> "No Mother's day" : faire taire et disparaitre les mères pour la fête des mères est-ce la solution?

mercredi 30 mai 2012

"No Mother's day" : faire taire et disparaitre les mères pour la fête des mères est-ce la solution?



Chaque année 360 000 femmes disparaissent, soit une toutes les secondes. Presque toutes ces morts sont évitables. Elles ne sont liées ni à la vieillesse ni au cancer mais sont dues aux complications rencontrées lors de la grossesse et de l’accouchement.

Afin de marquer les esprits, Christy Turlington et son association « Every mother counts » ont lancé une campagne virale à quelques jours de la fête des mères (le 13 mai aux Etats-Unis). Dans ce film qui comptabilise déjà plus de 214 000 vues sur You Tube, l’ex-mannequin et d’autres femmes, célèbres ou inconnues, expliquent leur façon de sensibiliser le grand public au problème de la mortalité maternelle.


Cette année, elles enjoignent les femmes à boycotter, comme elles, la fête des mères : pas de cadeaux, pas de statut Facebook ou Twitter,  pas de coups de fils. Le 13 mai, les femmes se tairont et disparaitront afin de marquer les esprits et démontrer à quel point « les mères nous manquent quand elles ne sont pas là ».

Quand on regarde les commentaires sur Youtube ou ce qui se dit sur les blogs, on réalise à quel point la campagne a été mal perçue aux Etats-Unis  "There must be a better way to raise awareness. Asking me to disappear on Mother Day punishes me and my family." (« il doit y avoir de meilleurs façons de sensibiliser les gens. Me demander de disparaître le jour de la fête des mères me punit, moi et ma famille »).
D’autres avouent ne rien comprendre à cette action « It’s an important message – that goes without saying – but her campaign is totally confusing. In fact, it makes zero sense » (« C’est un message important, il va sans dire, mais cette campagne est totalement confusante. En fait, on n’y comprend rien »).

Ce qui ajoute à la confusion, ce sont les récentes déclarations de Christy Turlington qui a affirmé qu’elle déjeunerait le 13 mai avec ses enfants, sa sœur, sa mère et sa belle-mère pour fêter cette journée.

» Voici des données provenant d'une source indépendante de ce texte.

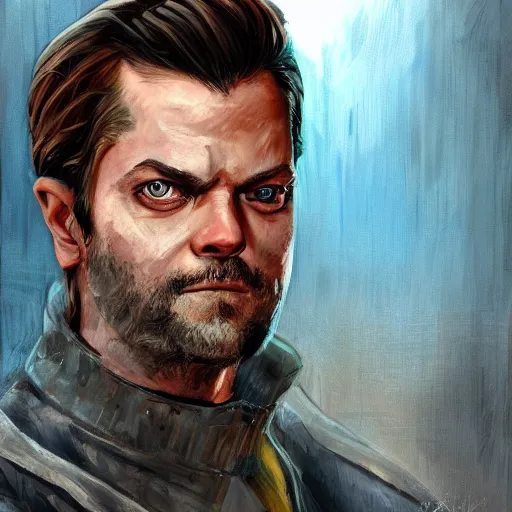 Image similar to beautiful portrait of a man with a short-beard blue eyes(looking like joshua jackson and aaron paul, sean bean), in the style of Enki Bilal and Joe Jusko and Alex Ross, backlit, trending on artstation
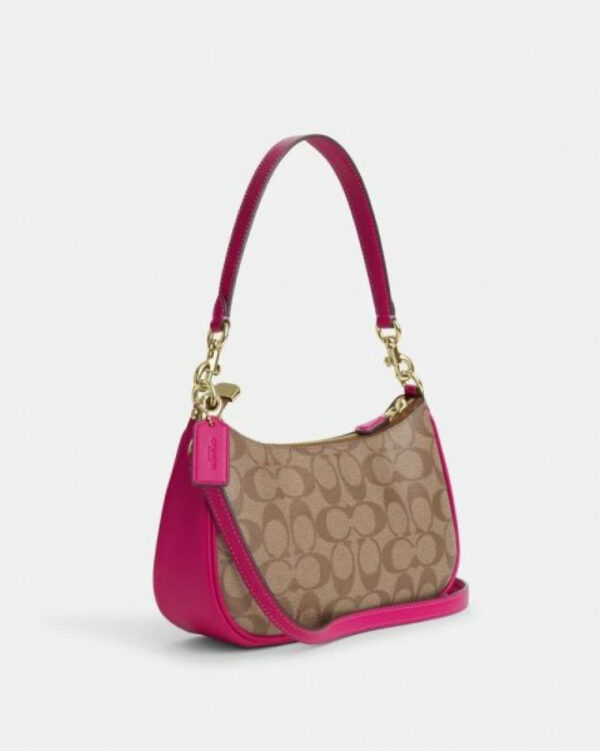 Coach Teri Shoulder Bag In Signature Canvas (im/khaki/cerise) - Image 4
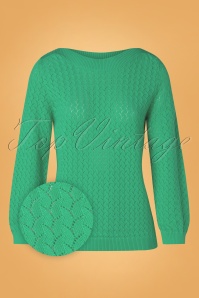 Mademoiselle YéYé - 60s Stay Longer Knit Top in Vivid Green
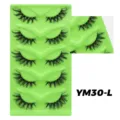 Dichte flaumige künstliche Wimpern Set auf grüner Schale dramatisches Volumen Make-up - Messy-Stil (YM30-L) / 5 Paare (Grünes Tablett)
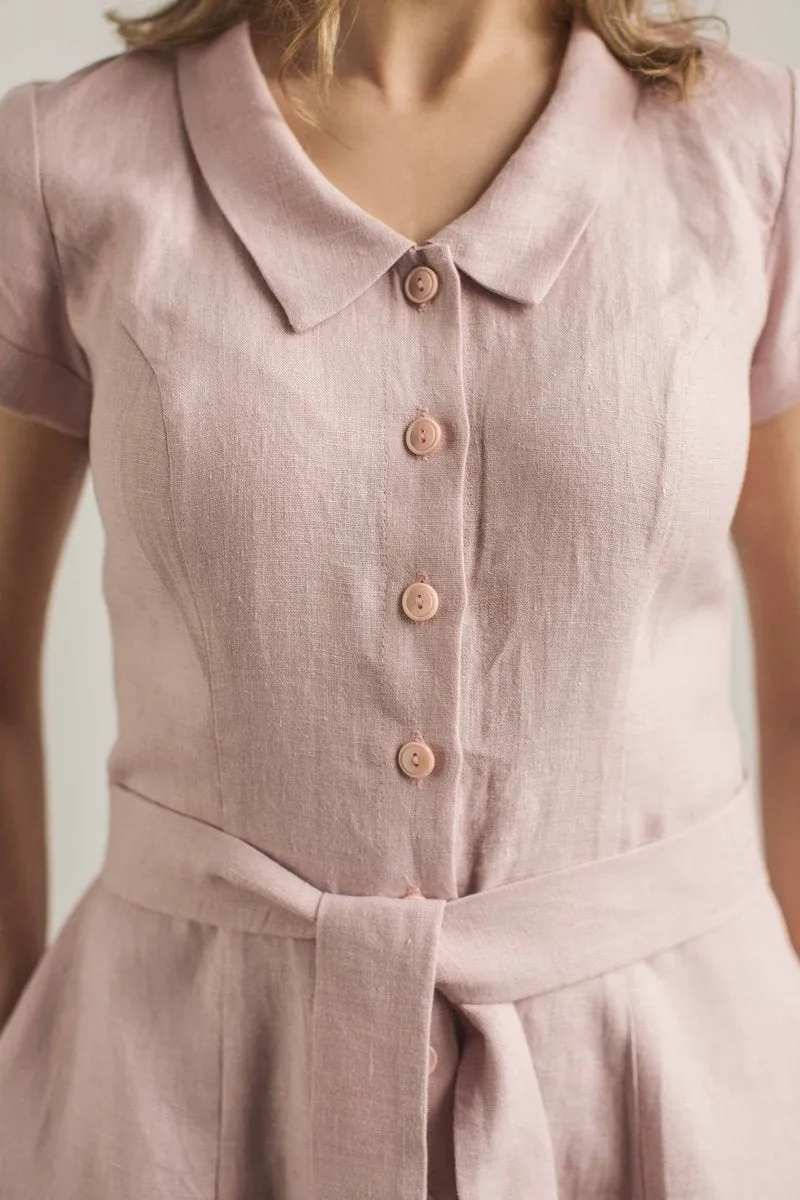V-Neck Wrap Around Linen Dress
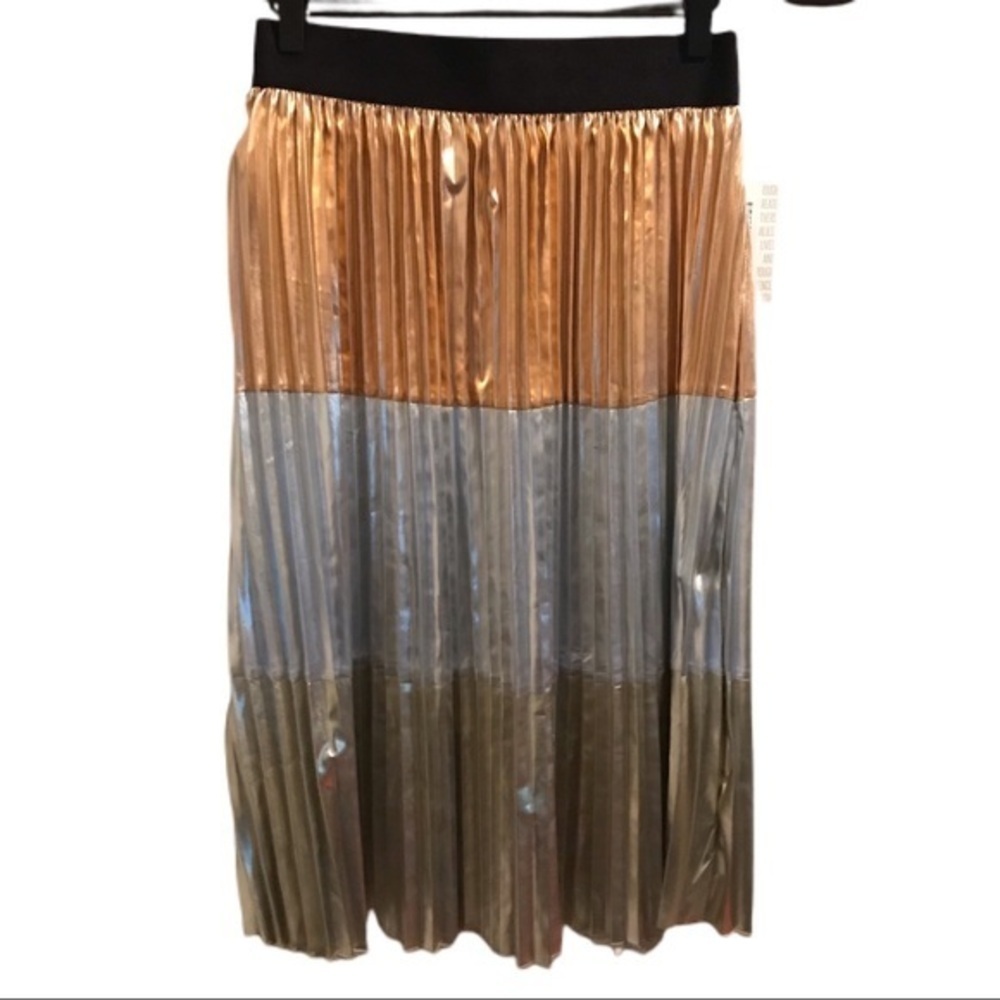 NWT LULAROE METALLIC PLEATED SKIRT COLORBLOCK XSmall Gold Silver Rose Candy Corn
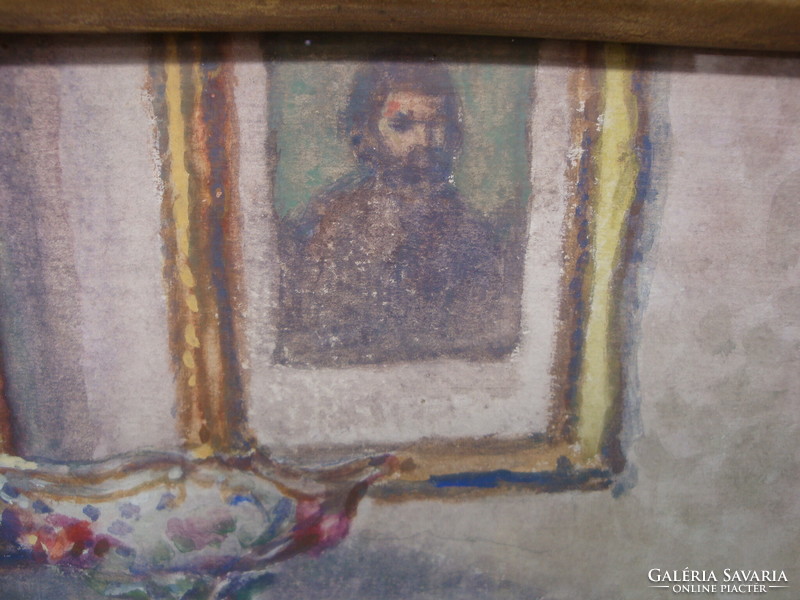Boem Ritta: Szobabelső antik komóddal (Cézanne portréval) F264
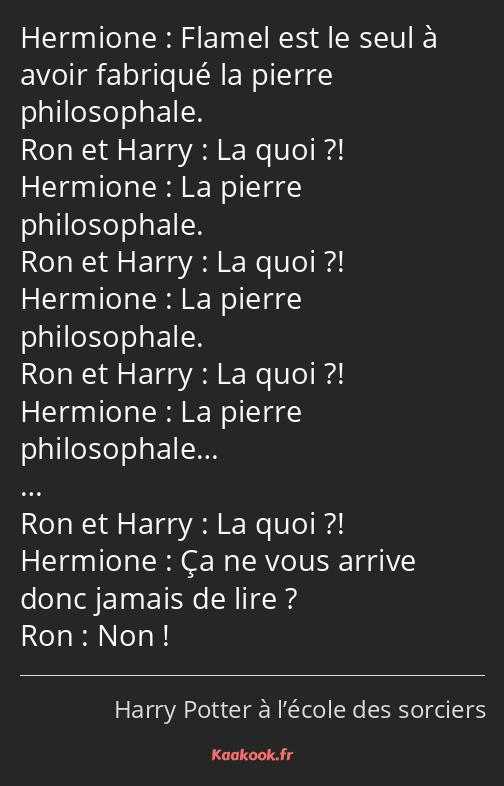 Flamel est le seul à avoir fabriqué la pierre philosophale. La quoi ?! La pierre philosophale. La…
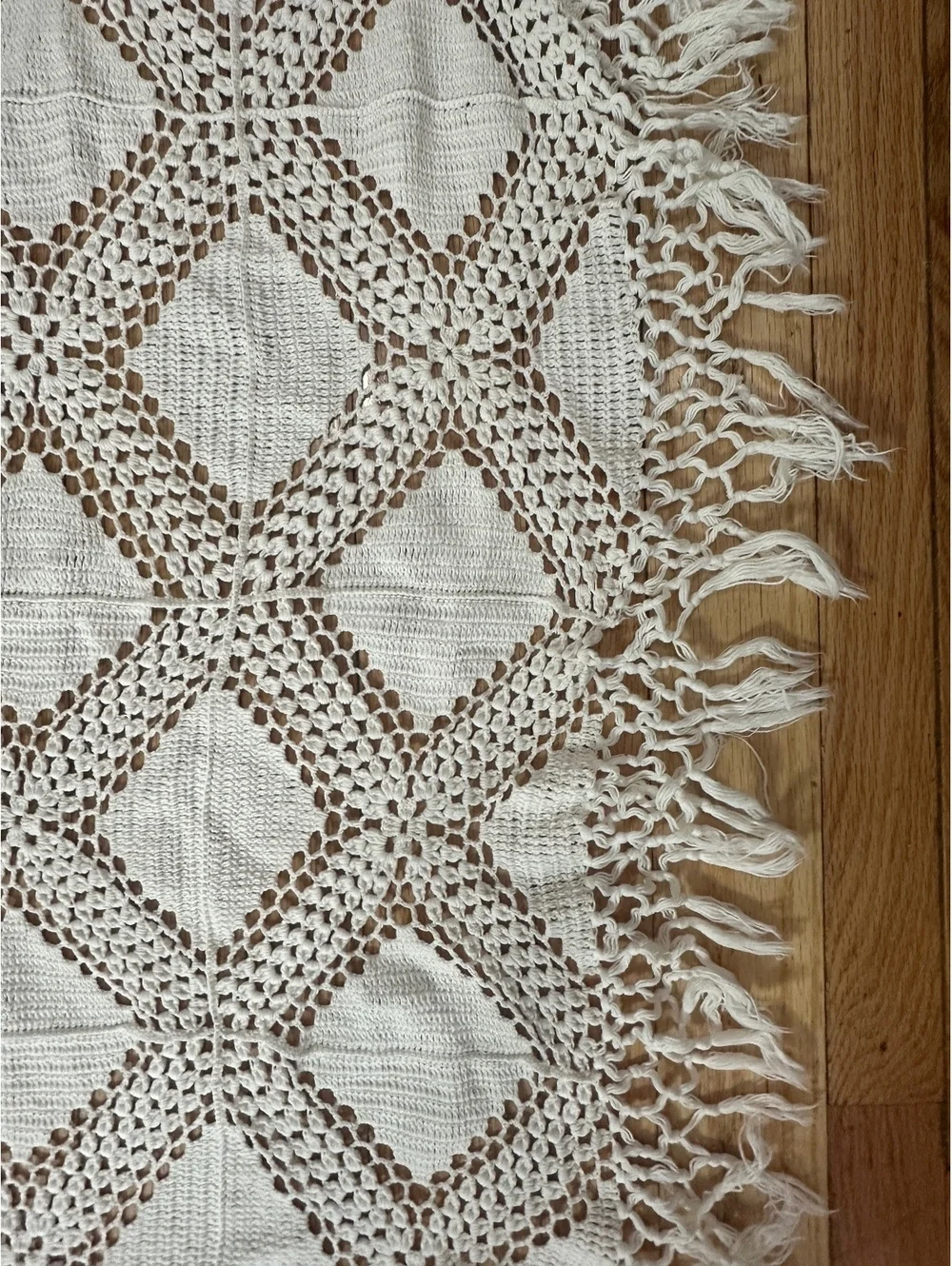 Vtg Handmade Crocheted Bedspread 97x70 Diamond Lattice Cottagecore Boho Throw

Pour ma part, même si l’intention est louable, je trouve la campagne très maladroite voire contre-productive. La première chose qui me choque c’est de demander aux mères de se taire et de disparaître une journée. Quand on voit la difficulté qu’ont les femmes à être visibles (dans les médias ou dans le monde du travail) et à sa faire entendre, les réduire au silence et à l’invisibilité, même une journée, c’est trop. Je trouve la démarche aussi gadget et farfelue que d’afficher sa couleur de soutien-gorge en statut Facebook pour lutter contre le cancer ou de faire disparaître toutes les femmes d’un village pendant une semaine, comme le faisait une célèbre émission de télé-réalité. De plus, le lien entre la fin et le moyen sont totalement déconnectés : ce sont avant tout les enfants qui vont faire les frais de cette disparition de leur mère et qui vont se retrouver avec leurs colliers de pâtes sur les bras ! Et cette journée, même si elle déculpabilisera celles qui suivront le mouvement, ne changera rien au sort des femmes du bout du monde.

Pourtant, il y a aurait eu des moyens plus efficaces et plus viraux pour faire bouger les choses : par exemple développer une application « cadeau virtuel » sur Facebook qui permettrait à ceux qui le souhaitent d’investir la somme d’argent prévue pour la fête des mères dans une organisation humanitaire.

Ou d’acheter des cartes en ligne de fêtes des mères dont le bénéfice serait reversé à des associations.

Je crois beaucoup plus aux vertus de la parole qu’à celles du silence pour ce genre de problématique. La puissance des médias sociaux permet d’engager des conversations : il est dommage de s’en priver en bâillonnant les mères, même une journée.